In the context of the Attention mechanism and the transformer architecture, the weights represent the importance assigned to different elements in the input sequence during the computation of the Attention scores. The Attention mechanism is a fundamental component of the transformer architecture, which was introduced in the "Attention is All You Need" paper by Vaswani et al. in 2017. It enables the model to focus on relevant parts of the input sequence when processing each element, allowing for more efficient and effective learning. In the transformer architecture, there are three main components related to weights and attention:

• Query, Key, and Value (Q, K, V) Vectors: For each element in the input sequence, the Attention mechanism computes three vectors: the query vector (Q), the key vector (K), and the value vector (V). These vectors are obtained by projecting the input sequence through learnable linear transformations (weight matrices). The query vector represents the element we want to process, and the key and value vectors represent the elements in the input sequence that provide context and information.
• Attention Scores: The attention scores are calculated by computing the dot product between the query vector (Q) and the key vectors (K) for each element in the input sequence. The dot product measures the similarity or relevance between the query and key elements. The resulting attention scores indicate how much attention should be assigned to each element in the input sequence.
• Softmax and Weighted Sum: To make the attention scores interpretable as probabilities, a Softmax function is applied to the computed scores. The Softmax normalizes the attention scores across all elements, ensuring that they sum up to one. Then, the weighted sum of the value vectors (V) is taken using the normalized attention scores as weights. This weighted sum represents the context or information that the model focuses on for the particular query element.

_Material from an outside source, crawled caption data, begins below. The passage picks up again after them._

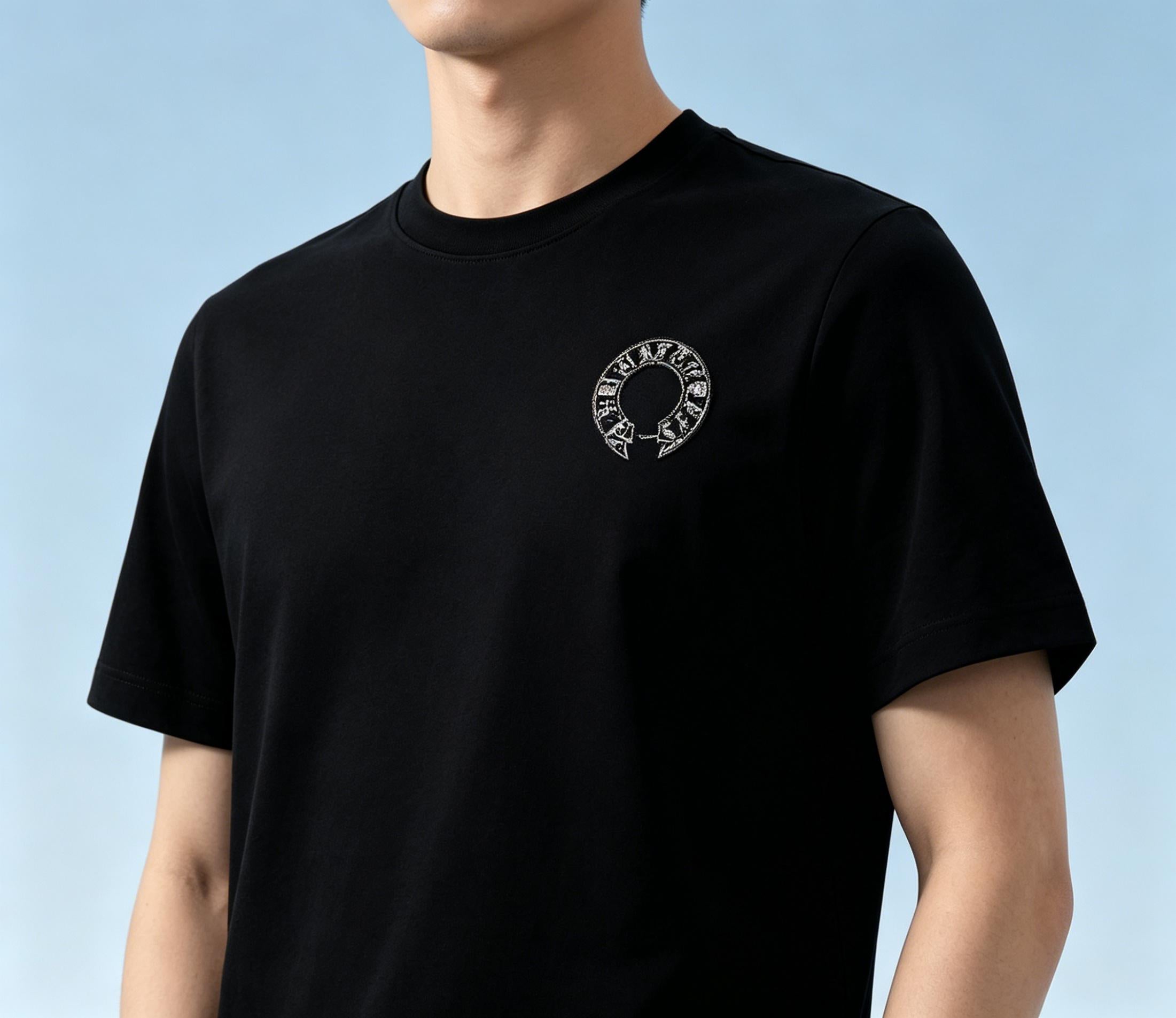 Summer Heavyweight Boxy T-shirt | Suede Silk Screen Back Hem Design | Laser Flocking Cross Streetwear | 100% Pure Cotton Trendy Brand
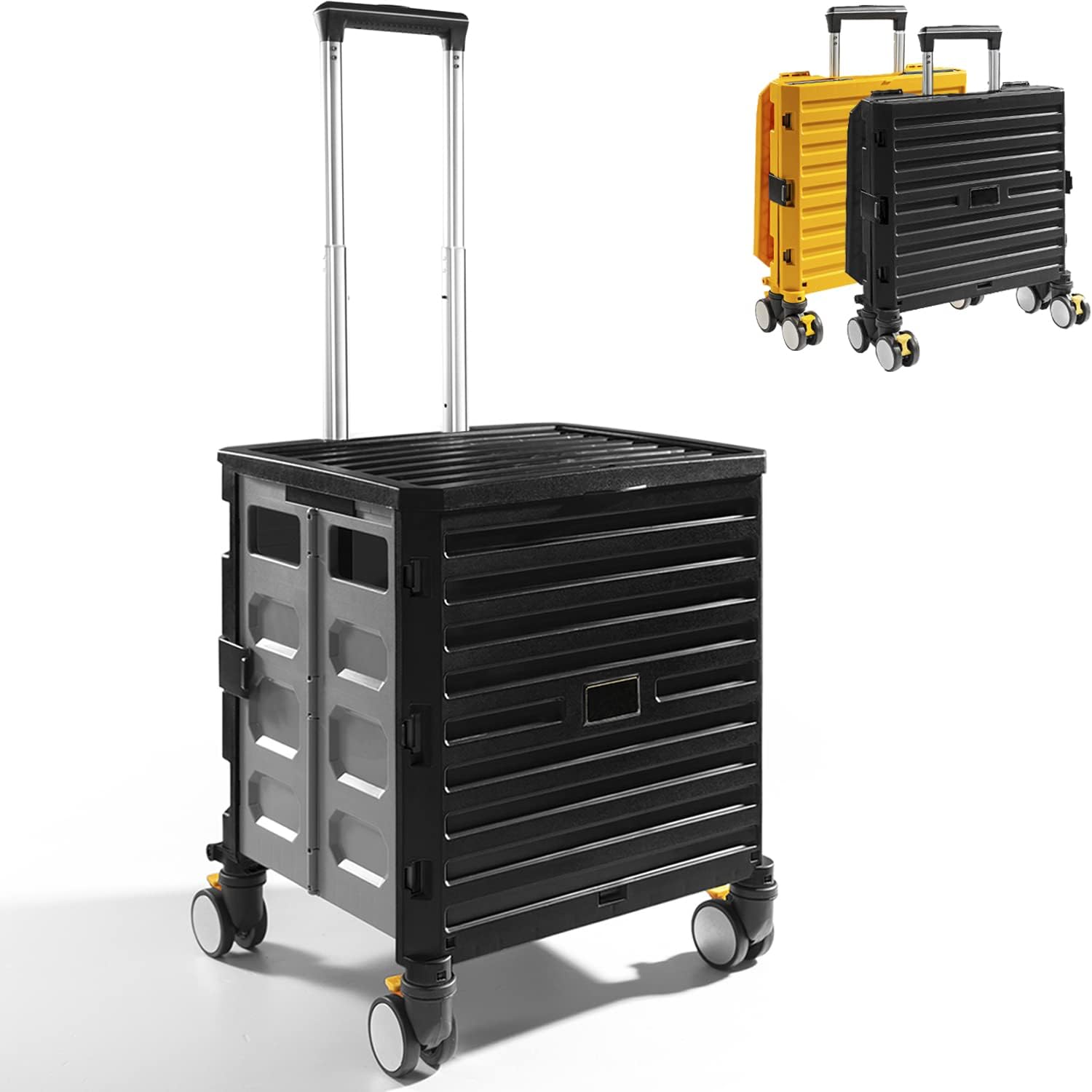 Collapsible Rolling Crate,Storage Carrier Rolling Carts with Wheels and Handles,Pro Teacher Cart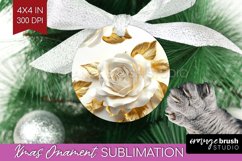3d Rose Ornament PNG - Marble Rose PNG Sublimation Product Image 1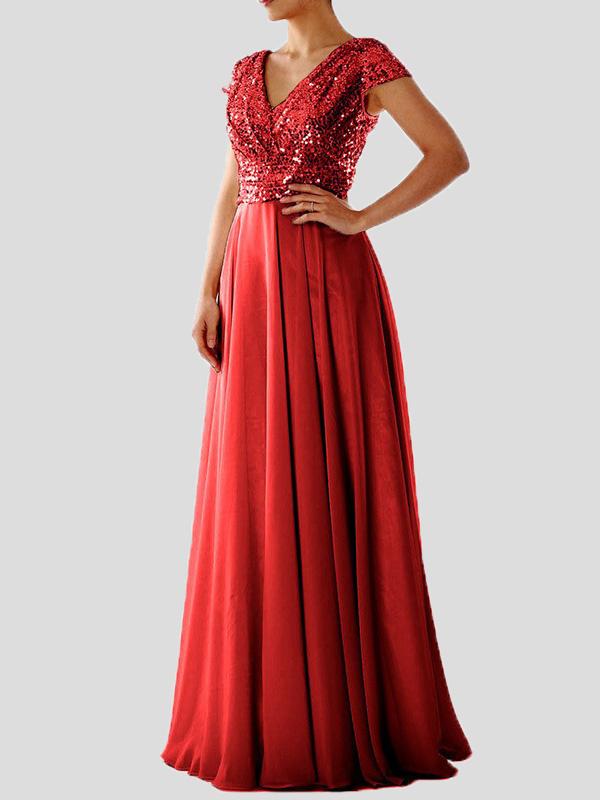 Women's Dresses V-Neck Sequin Evening Dress - Maxi Dresses - INS | Online Fashion Free Shipping Clothing, Dresses, Tops, Shoes - 29/11/2021 - color-beige - color-black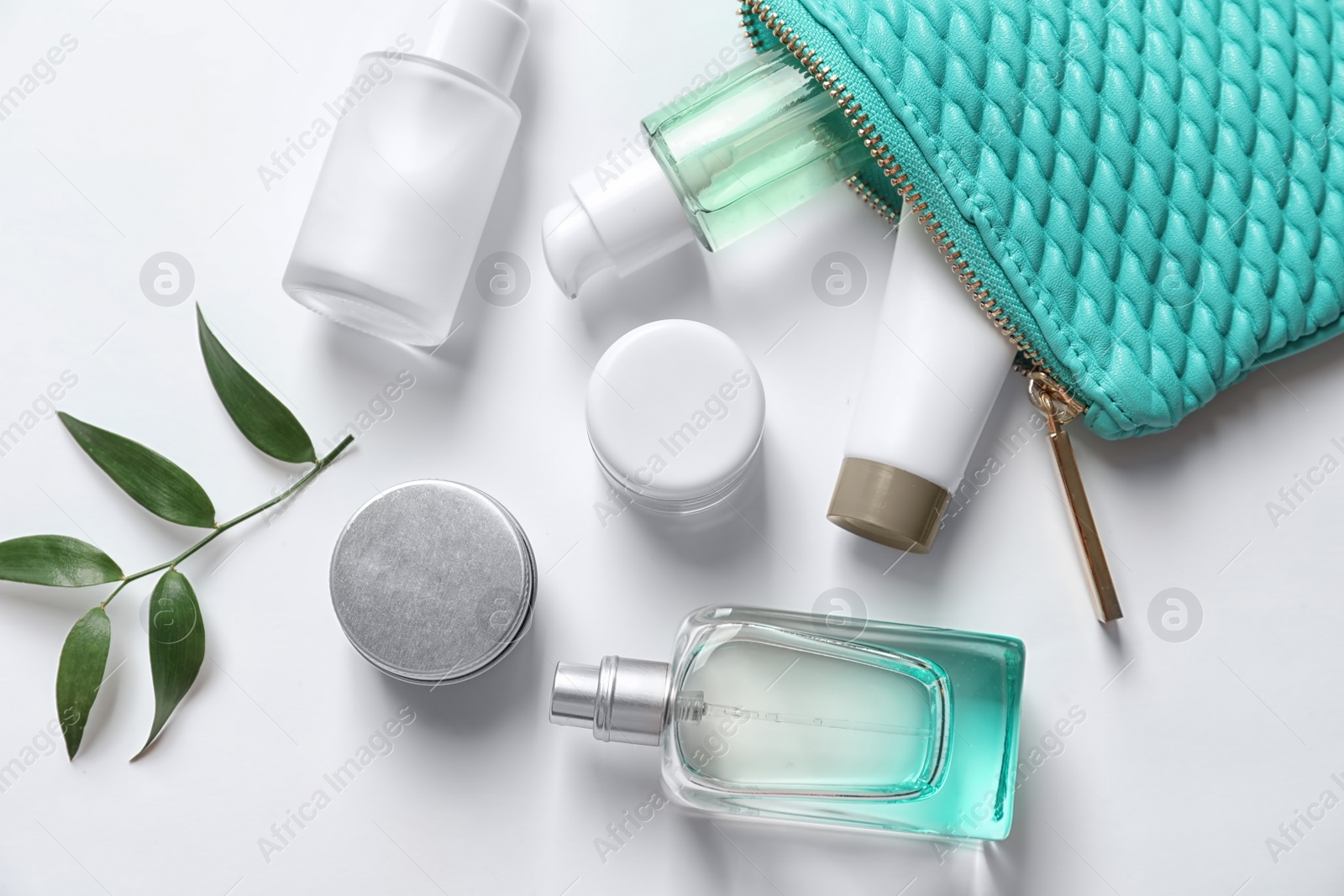 Photo of Flat lay composition with cosmetic products on white background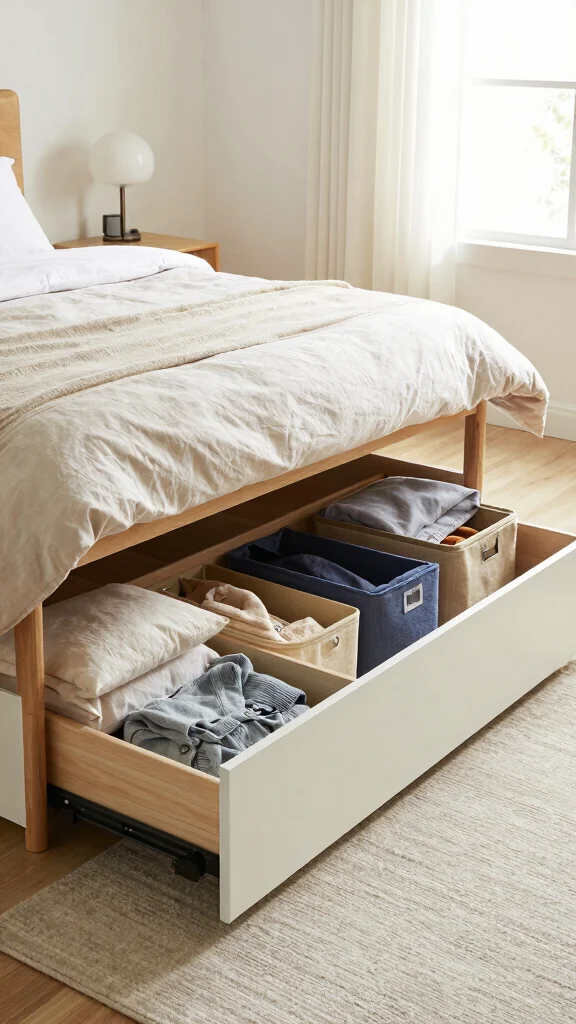 12 Queen Bed Small Bedroom Ideas for a Comfortable Stylish Layout - 2. Under-Bed Storage Solutions 1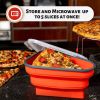 Reusable Pizza Storage Container with 5 Microwavable Serving Trays - Adjustable Pizza Slice Container to Organize & Save Space  - red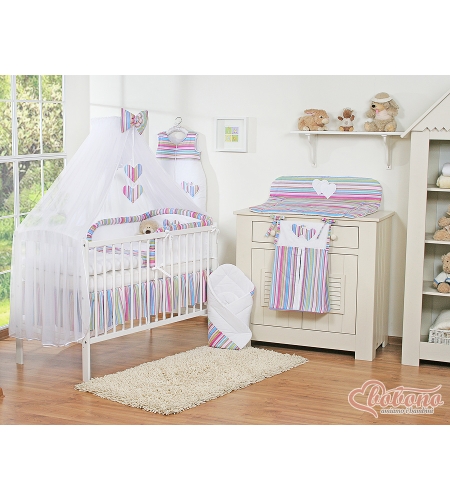 Hyttysverkko vauvan sänkyyn - Hanging Hearts Violetti Raidat Sifonki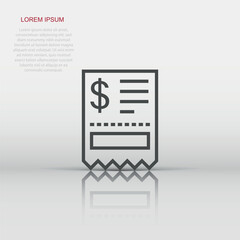 Money check icon in flat style. Checkbook vector illustration on white isolated background. Finance voucher business concept.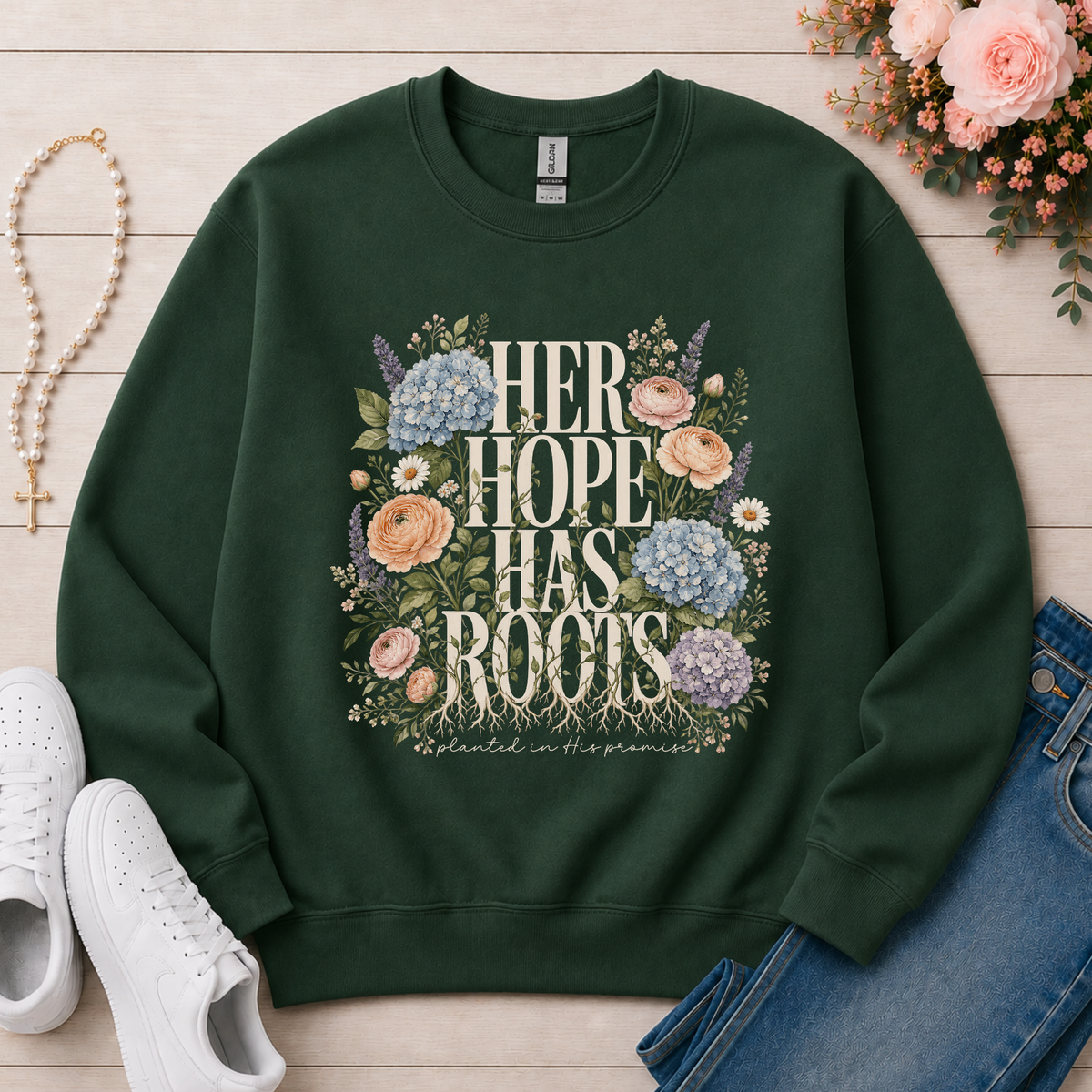 Her Hope Has Roots Christian Crewneck Sweatshirt in Forest Green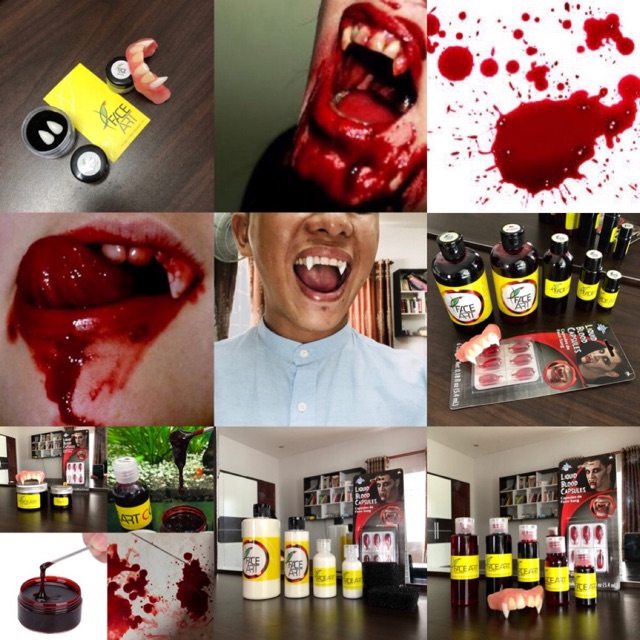 2 Chai máu hoá trang Đỏ tươi / Đỏ thẩm - 20 sản phẩm phẩm hoá trang phim, HALLOWEEN: sáp , LIQUID latex, răng nanh nhọn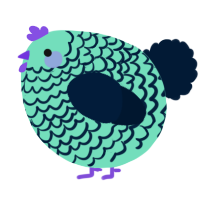 A mint and tumblr chicken with a lace pattern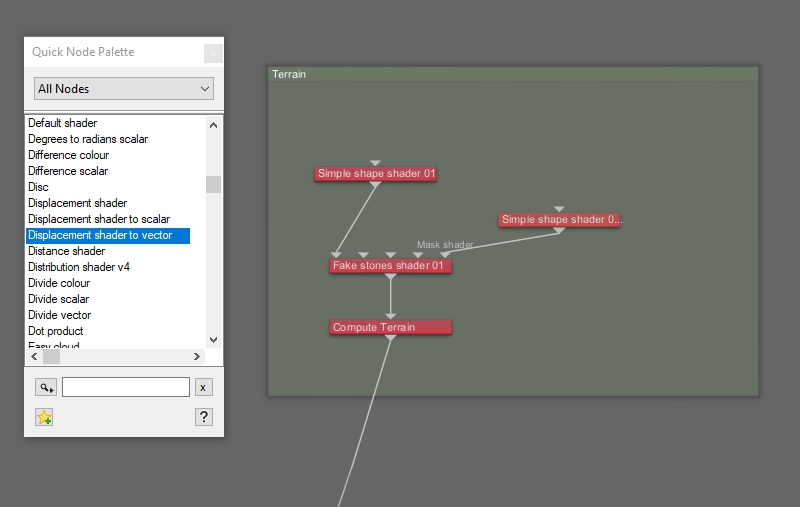 Uset the Quick Node Pallette to add a Displacement shader to vector node to the project.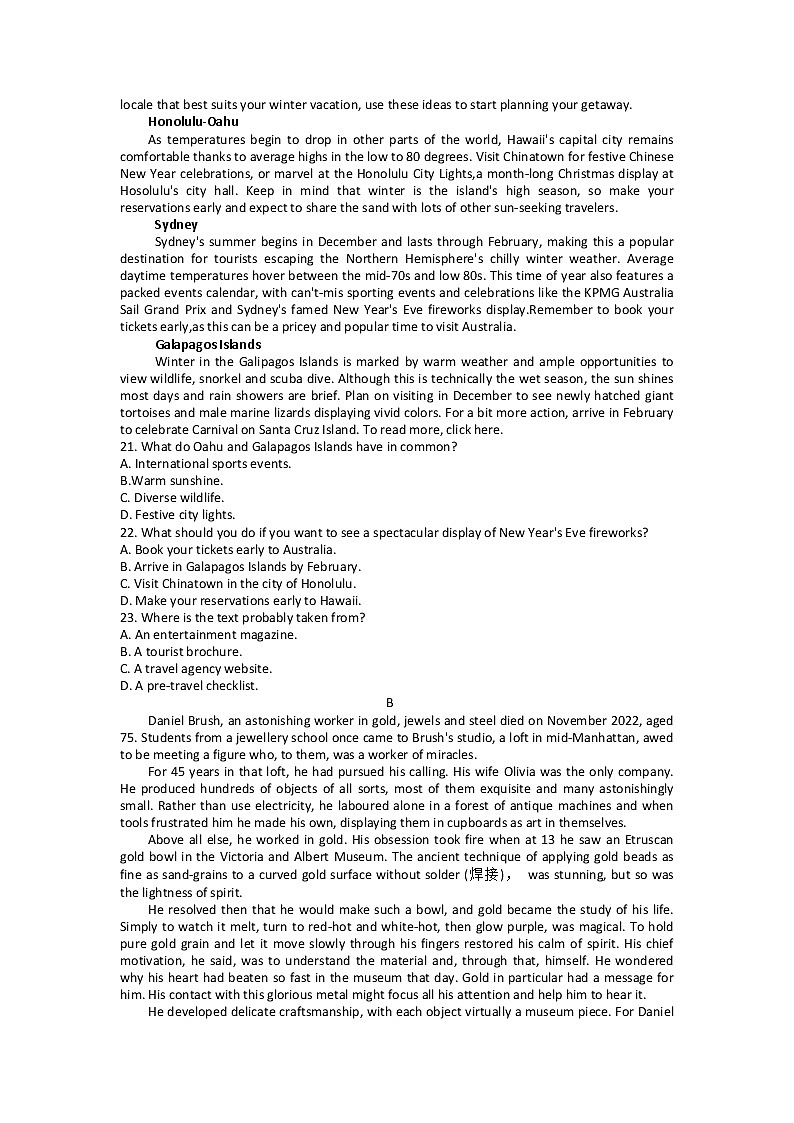 浙江省名校协作体2022-2023学年高三下学期2月月考英语试题第3页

In summary, the weights in the attention mechanism of the transformer architecture are the learnable parameters in the form of weight matrices used to project the input sequence into query, key, and value vectors. The Attention scores are derived by computing the dot product between the query and key vectors, and the Softmax function converts these scores into probabilities. Finally, the weighted sum of the value vectors is calculated using the normalized attention scores, representing the context-specific information for each element in the input sequence. This attention mechanism allows the transformer to effectively capture long-range dependencies and improve performance on various Natural Language Processing (NLP) tasks, among others.